◆ **Instructions to follow**: Every entry, from first to last, must be written out exactly.

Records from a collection
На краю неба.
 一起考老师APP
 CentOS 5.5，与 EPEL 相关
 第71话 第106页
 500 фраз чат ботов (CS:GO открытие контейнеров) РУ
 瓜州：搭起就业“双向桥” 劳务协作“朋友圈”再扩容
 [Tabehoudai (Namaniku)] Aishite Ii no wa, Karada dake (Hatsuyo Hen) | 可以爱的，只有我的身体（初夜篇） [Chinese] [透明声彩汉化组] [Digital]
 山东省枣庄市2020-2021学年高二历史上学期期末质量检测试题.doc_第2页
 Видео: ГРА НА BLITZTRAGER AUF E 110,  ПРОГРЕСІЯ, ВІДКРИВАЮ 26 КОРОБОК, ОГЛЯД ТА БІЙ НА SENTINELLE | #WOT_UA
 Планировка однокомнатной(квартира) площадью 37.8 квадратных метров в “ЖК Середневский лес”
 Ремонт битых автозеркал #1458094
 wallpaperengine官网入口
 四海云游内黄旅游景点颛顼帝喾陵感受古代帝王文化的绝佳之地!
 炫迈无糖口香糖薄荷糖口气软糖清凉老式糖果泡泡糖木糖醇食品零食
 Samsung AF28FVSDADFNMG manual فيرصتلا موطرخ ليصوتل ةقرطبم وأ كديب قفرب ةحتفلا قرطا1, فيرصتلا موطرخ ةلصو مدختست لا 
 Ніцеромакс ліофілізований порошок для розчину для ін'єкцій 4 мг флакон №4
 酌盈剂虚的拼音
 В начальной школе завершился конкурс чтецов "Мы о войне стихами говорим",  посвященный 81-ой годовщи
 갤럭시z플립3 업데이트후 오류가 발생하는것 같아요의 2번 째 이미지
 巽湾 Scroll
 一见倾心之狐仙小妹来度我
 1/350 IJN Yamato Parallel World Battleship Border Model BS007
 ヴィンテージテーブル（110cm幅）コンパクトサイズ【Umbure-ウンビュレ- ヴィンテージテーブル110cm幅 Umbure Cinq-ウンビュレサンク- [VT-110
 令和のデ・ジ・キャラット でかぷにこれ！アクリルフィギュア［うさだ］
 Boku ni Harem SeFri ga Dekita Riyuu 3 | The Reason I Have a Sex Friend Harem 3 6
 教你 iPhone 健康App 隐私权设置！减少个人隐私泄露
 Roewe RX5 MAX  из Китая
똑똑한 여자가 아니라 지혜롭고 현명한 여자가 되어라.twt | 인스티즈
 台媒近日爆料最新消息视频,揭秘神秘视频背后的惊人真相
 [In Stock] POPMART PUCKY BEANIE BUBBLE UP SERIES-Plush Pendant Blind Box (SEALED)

◆ **Task response**:
На краю неба.
 一起考老师APP
 CentOS 5.5，与 EPEL 相关
 第71话 第106页
 500 фраз чат ботов (CS:GO открытие контейнеров) РУ
 瓜州：搭起就业“双向桥” 劳务协作“朋友圈”再扩容
 [Tabehoudai (Namaniku)] Aishite Ii no wa, Karada dake (Hatsuyo Hen) | 可以爱的，只有我的身体（初夜篇） [Chinese] [透明声彩汉化组] [Digital]
 山东省枣庄市2020-2021学年高二历史上学期期末质量检测试题.doc_第2页
 Видео: ГРА НА BLITZTRAGER AUF E 110,  ПРОГРЕСІЯ, ВІДКРИВАЮ 26 КОРОБОК, ОГЛЯД ТА БІЙ НА SENTINELLE | #WOT_UA
 Планировка однокомнатной(квартира) площадью 37.8 квадратных метров в “ЖК Середневский лес”
 Ремонт битых автозеркал #1458094
 wallpaperengine官网入口
 四海云游内黄旅游景点颛顼帝喾陵感受古代帝王文化的绝佳之地!
 炫迈无糖口香糖薄荷糖口气软糖清凉老式糖果泡泡糖木糖醇食品零食
 Samsung AF28FVSDADFNMG manual فيرصتلا موطرخ ليصوتل ةقرطبم وأ كديب قفرب ةحتفلا قرطا1, فيرصتلا موطرخ ةلصو مدختست لا 
 Ніцеромакс ліофілізований порошок для розчину для ін'єкцій 4 мг флакон №4
 酌盈剂虚的拼音
 В начальной школе завершился конкурс чтецов "Мы о войне стихами говорим",  посвященный 81-ой годовщи
 갤럭시z플립3 업데이트후 오류가 발생하는것 같아요의 2번 째 이미지
 巽湾 Scroll
 一见倾心之狐仙小妹来度我
 1/350 IJN Yamato Parallel World Battleship Border Model BS007
 ヴィンテージテーブル（110cm幅）コンパクトサイズ【Umbure-ウンビュレ- ヴィンテージテーブル110cm幅 Umbure Cinq-ウンビュレサンク- [VT-110
 令和のデ・ジ・キャラット でかぷにこれ！アクリルフィギュア［うさだ］
 Boku ni Harem SeFri ga Dekita Riyuu 3 | The Reason I Have a Sex Friend Harem 3 6
 教你 iPhone 健康App 隐私权设置！减少个人隐私泄露
 Roewe RX5 MAX  из Китая
똑똑한 여자가 아니라 지혜롭고 현명한 여자가 되어라.twt | 인스티즈
 台媒近日爆料最新消息视频,揭秘神秘视频背后的惊人真相
 [In Stock] POPMART PUCKY BEANIE BUBBLE UP SERIES-Plush Pendant Blind Box (SEALED)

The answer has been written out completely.